Immunisation

Shot at a safer life

Of all the health tools used in Bihar, the one everyone seems aware of is the ‘sui’ – Hindi for needle or injection. People’s opinions about immunisation may vary from fear and apprehension to acceptance and its identification as the most potent form of prevention. Medical officers attest that ranks from the former have been shifting to the latter over the years. Part of the credit goes to the thousands of ASHAs (Accredited Social Health Activists) and Anganwadi workers who have spread awareness about the need.

You would expect this growing awareness to ensure a successful immunisation drive, much of which entails needle shots. But there’s more to it than what’s seen at first.

Here is the context. There are 13 doses prescribed for a newborn to guard against seven diseases – Tuberculosis, Polio, Hepatitis B, Diphtheria, Influenza, Tetanus and Measles. The incidence of Tuberculosis and Measles in Bihar is higher than the national average. And India, once one of the worst Polio-affected countries in the world, has fought off the virus and needs to remain vigilant against a comeback.

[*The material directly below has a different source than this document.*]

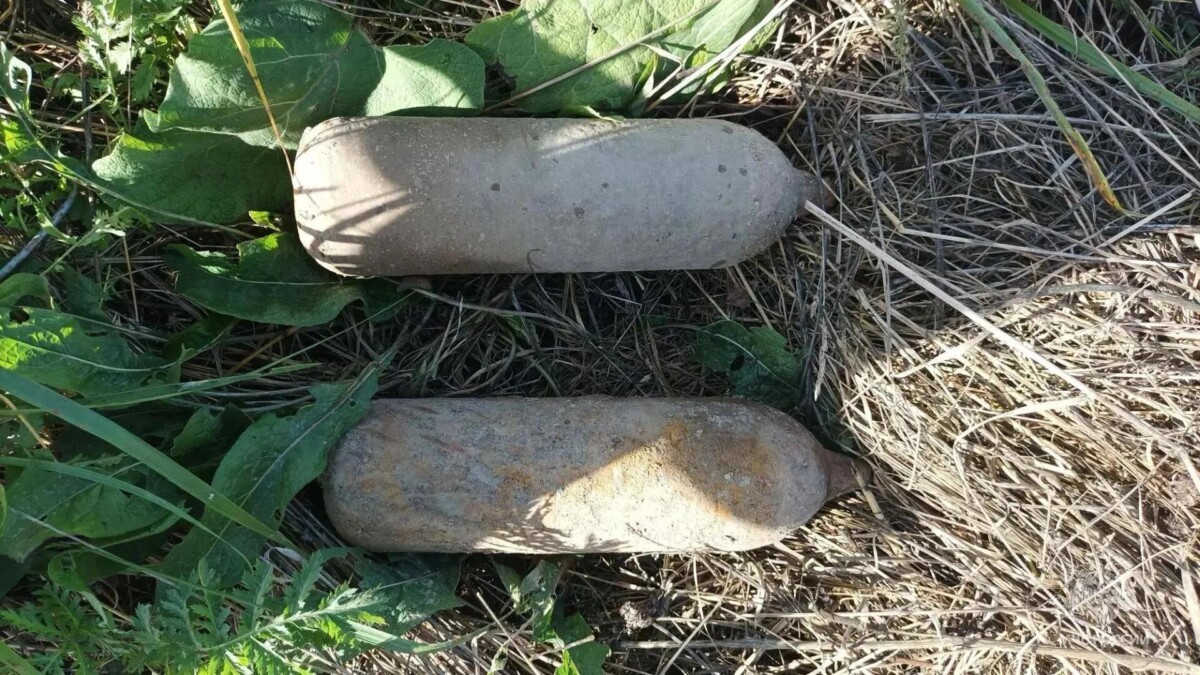 Две авиационные бомбы по 10 мм. обнаружили в Дубровском районе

Now here is Bihar’s reality. The rate of immunisation in Bihar is relatively high. Eight in 10 children have received the Polio and BCG for tuberculosis vaccines. But the rate drops off to about five in ten when one sees the data for Measles, Diphtheria, Influenza and Tetanus.

In Soriyari-Chinahi, Jai Kishore Rishi Dev, 28, and Chaniya Devi, 25, have three children. When the second child was born, they were given a colourful folded card to remind them of the immunisation doses completed and next dates for the ones yet to be given. They carefully tucked away the chart on a shelf in their one-room hut, pulling it out every once in a while when they remembered to do so. While the chart does serve as a reminder, the challenge is not only one of remembering when the next immunisation day is, but of convincing families of the importance of completing every immunisation cycle and of the ill effects of incomplete immunisation.

Unfortunately, the grim reality is that less than half the children in Bihar get all thirteen prescribed shots. The advantage gained by the acceptance and awareness of the ‘sui’ does not always translate to full immunisation.